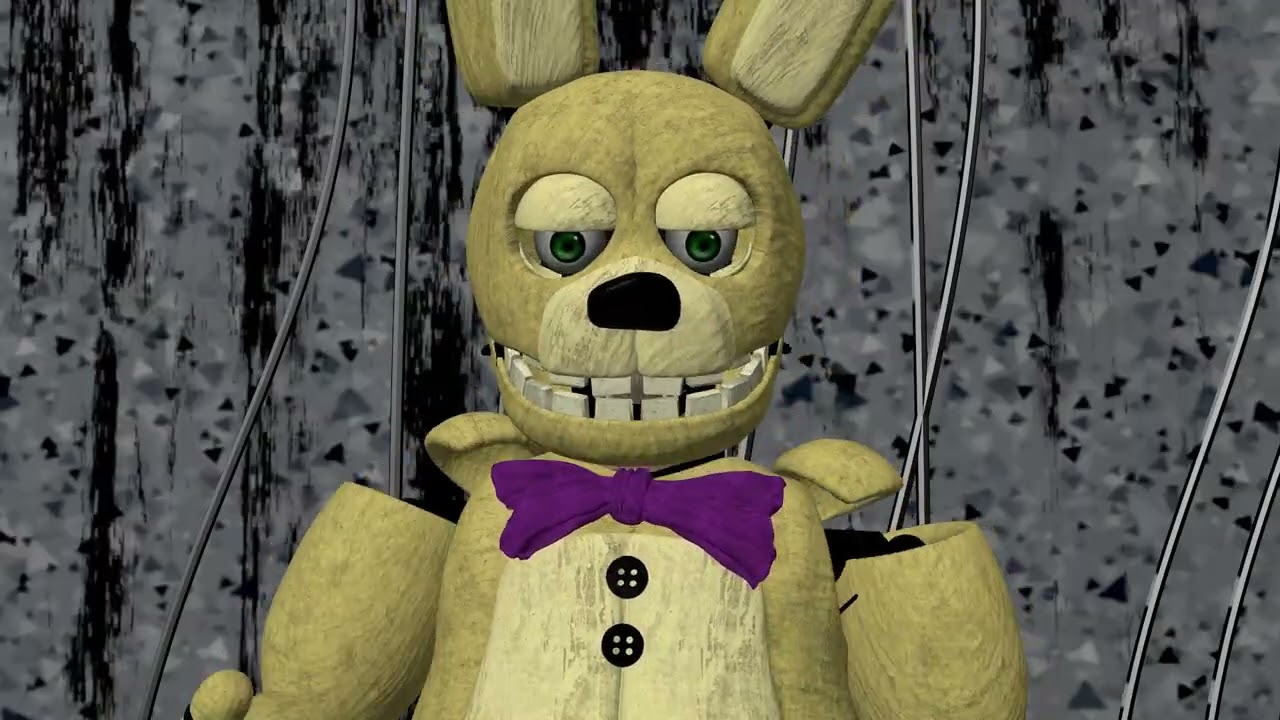 C4D FNaF | Cancelled part collab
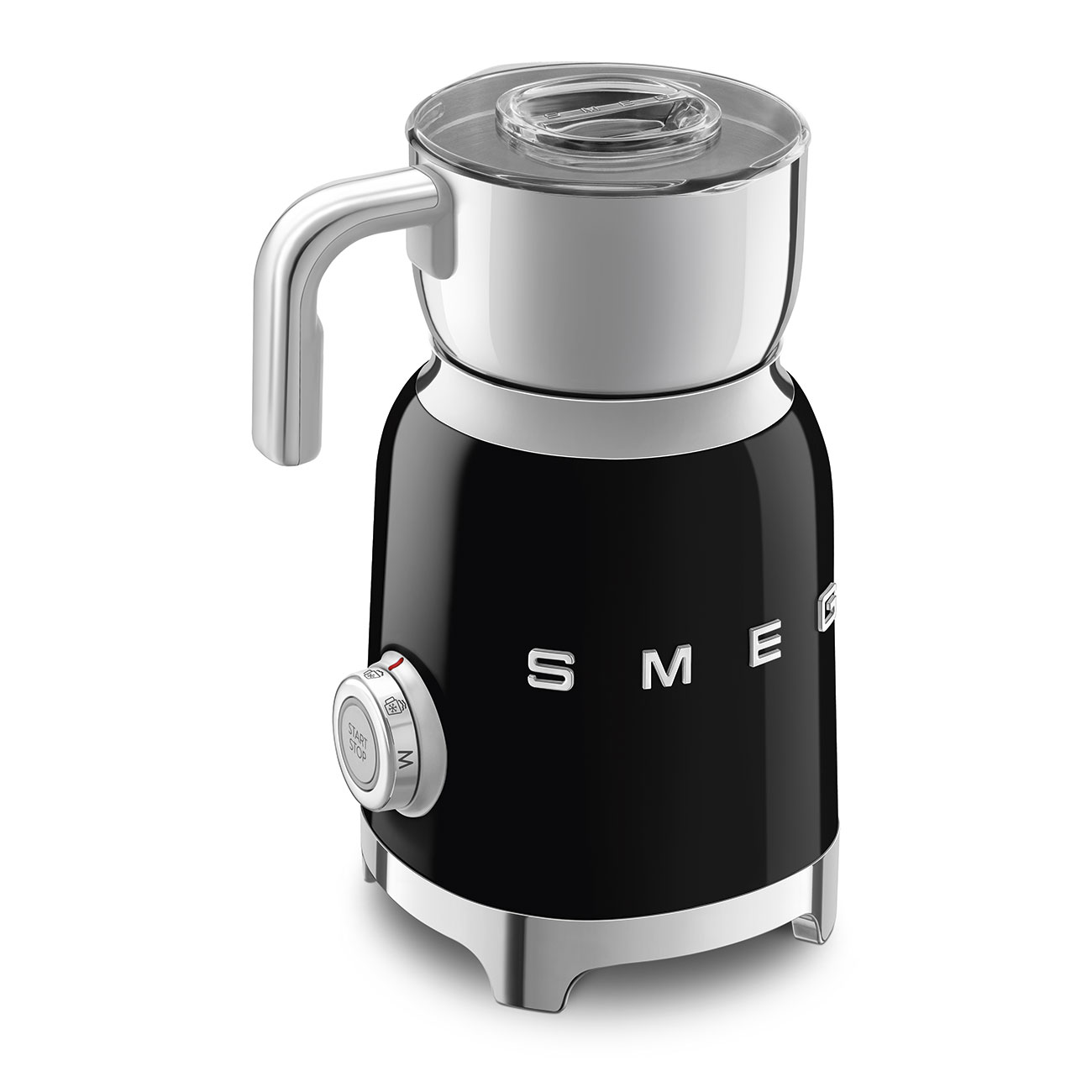 Smeg MFF11BLEU Milchaufschäumer schwarz Jubiläumsaktion - 60 Monate Geräteschutz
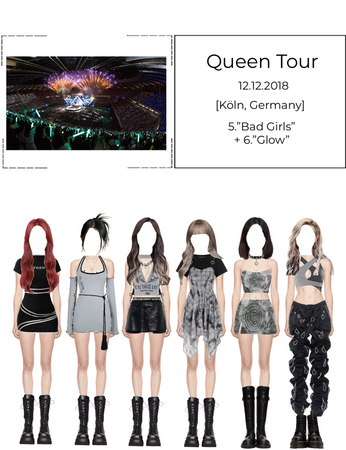 Queen Tour/ Köln, Germany (5,6)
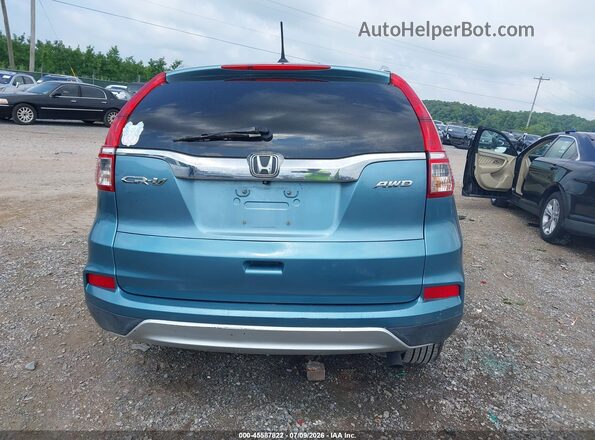 2HKRM4H71GH697552 2016 HONDA CR-V Light Blue 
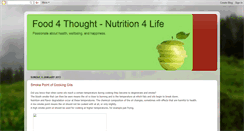 Desktop Screenshot of food4thought-nutrition4life.blogspot.com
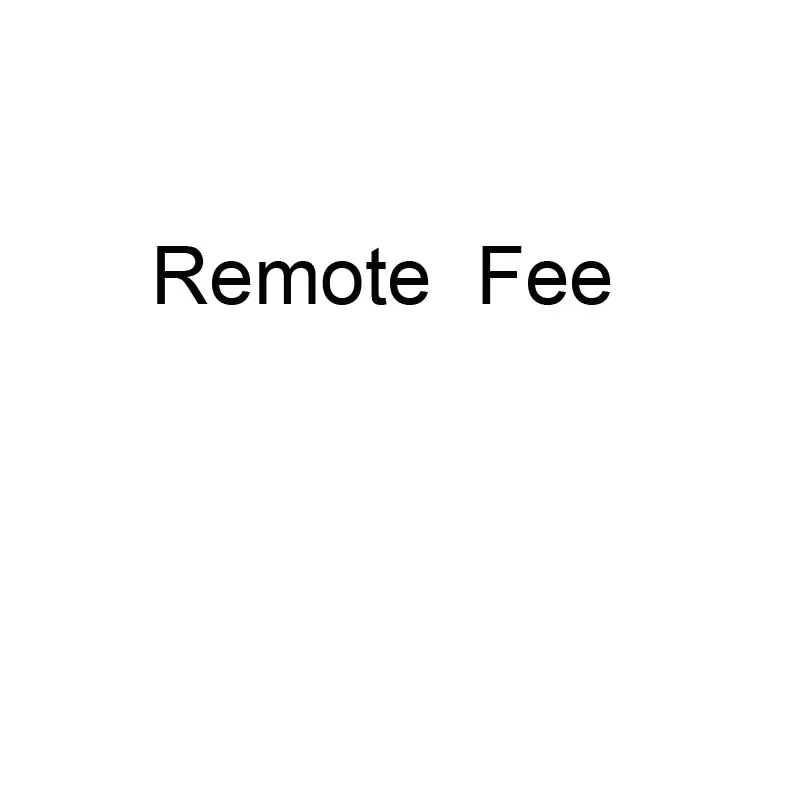 

Remote Fee or Price Difference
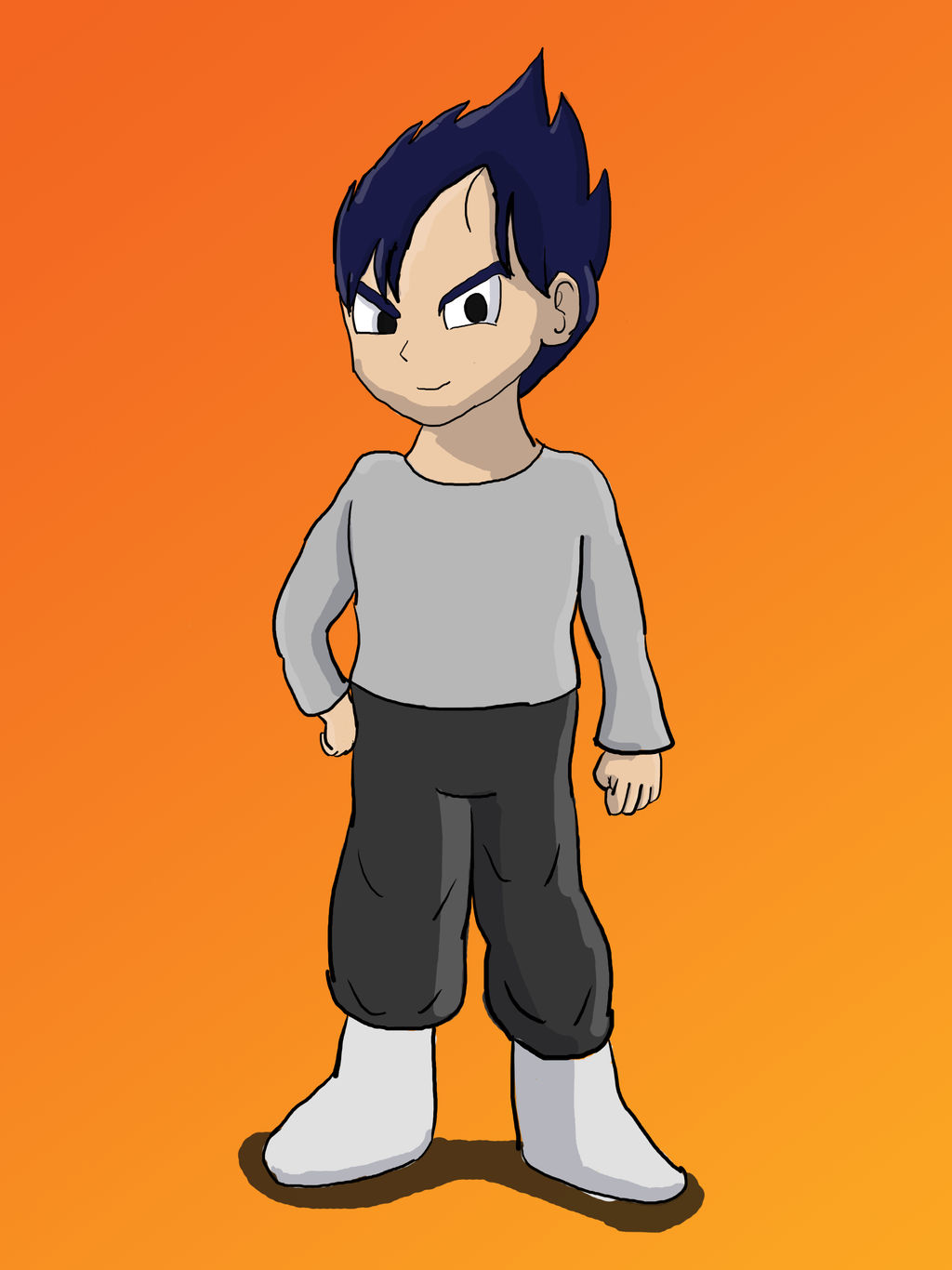 What if Goku married Bulma. Vegeta and Launch kid by The-Nina-Beans88 on  DeviantArt
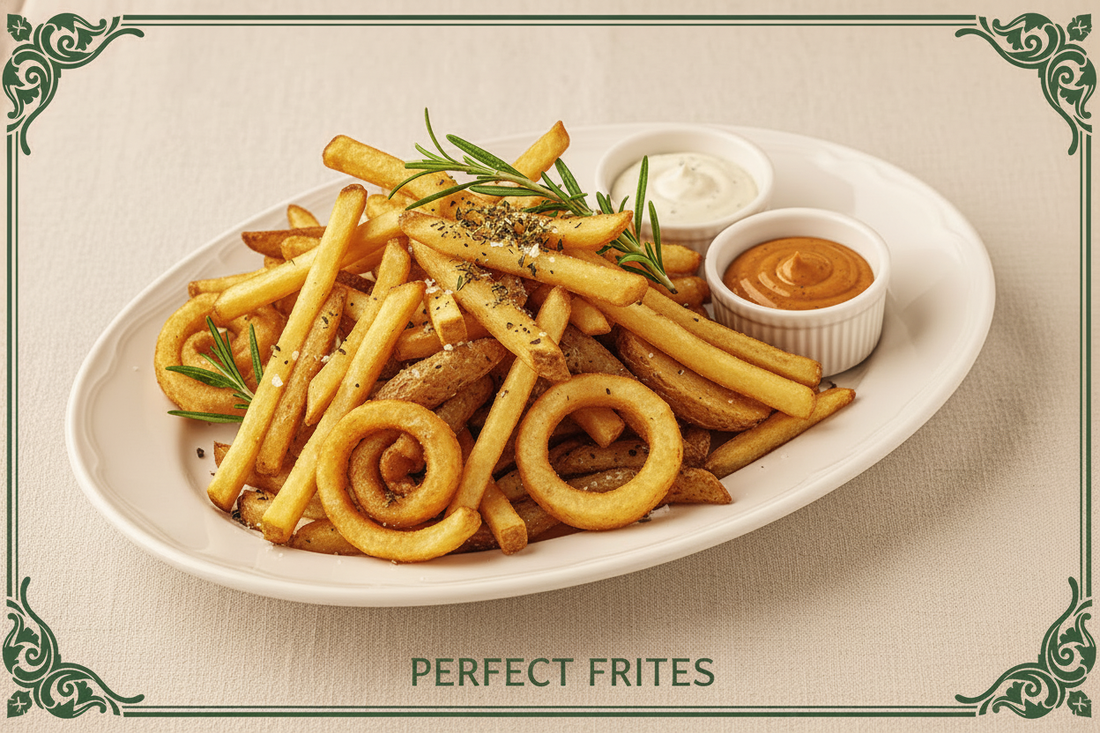 Perfect French Fries: Restaurant Secrets & Gourmet Variations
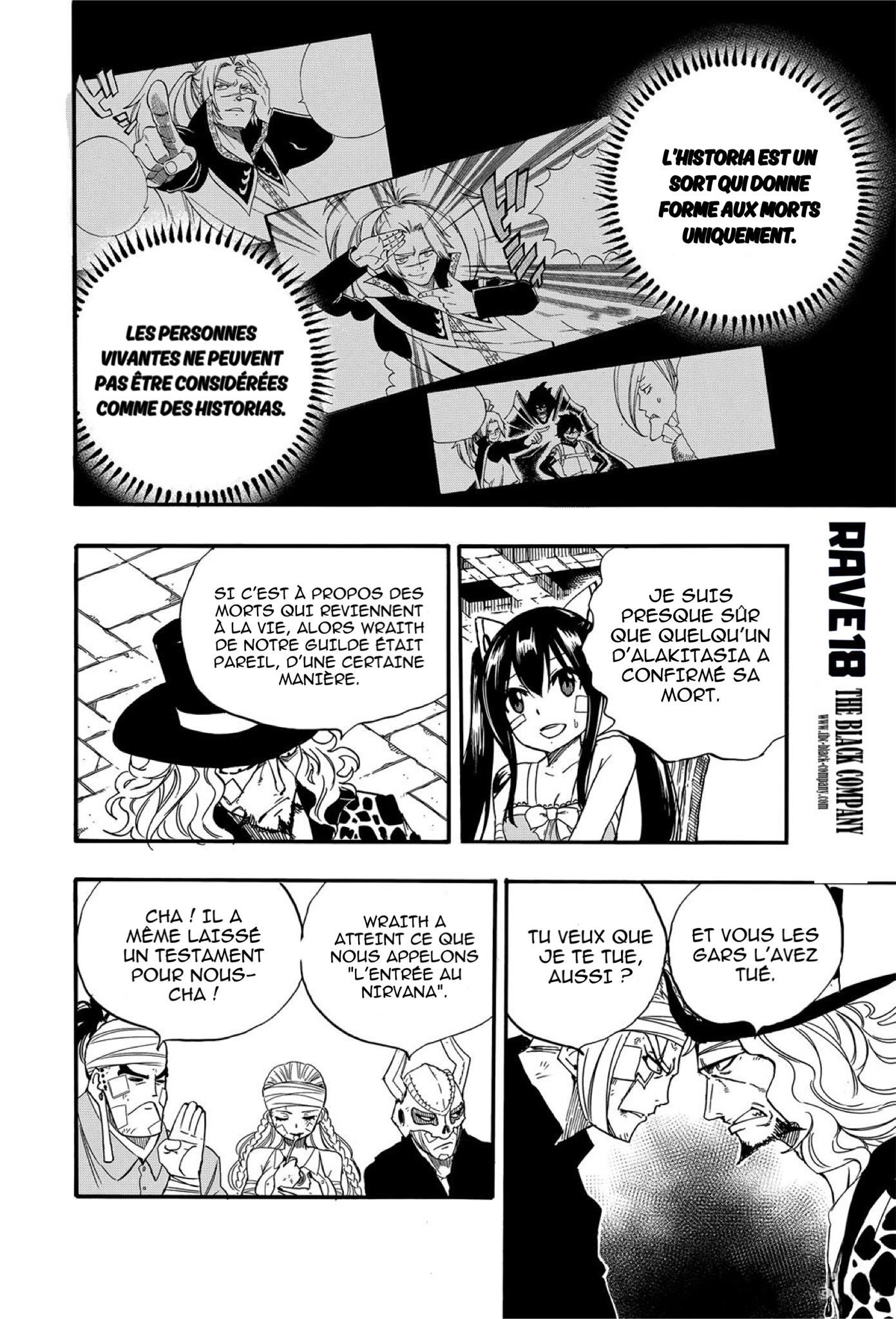 Read Fairy Tail 100 Years Quest vf Manga Online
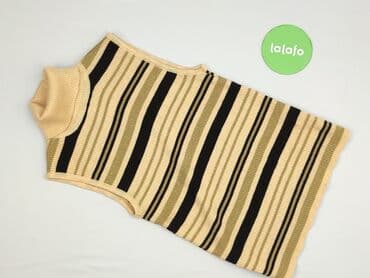 futrzana kamizelka i sweter: Sweter damski, rozmiar L — 2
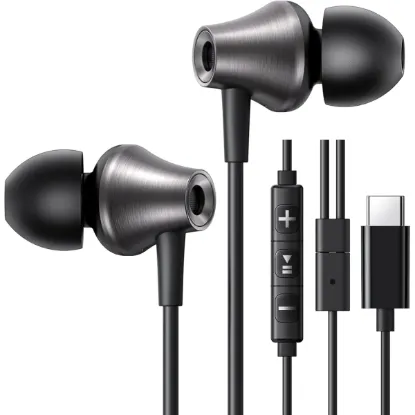 Picture of UGREEN EP105 USB-C Wired In-Ear Earphones - White | 35754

━━━━━━━━━━

# Exercise prompt
Reproduce the records word for word, please, from their first line up to and including the line that contains "Remote Fee or Price Difference", but no pictures.

# Exercise answer
 C4D FNaF | Cancelled part collab
 Smeg MFF11BLEU Milchaufschäumer schwarz Jubiläumsaktion - 60 Monate Geräteschutz
 Queen Tour/ Köln, Germany (5,6)
 2HKRM4H71GH697552 2016 HONDA CR-V Light Blue 
 Desktop Screenshot of food4thought-nutrition4life.blogspot.com

Remote Fee or Price Difference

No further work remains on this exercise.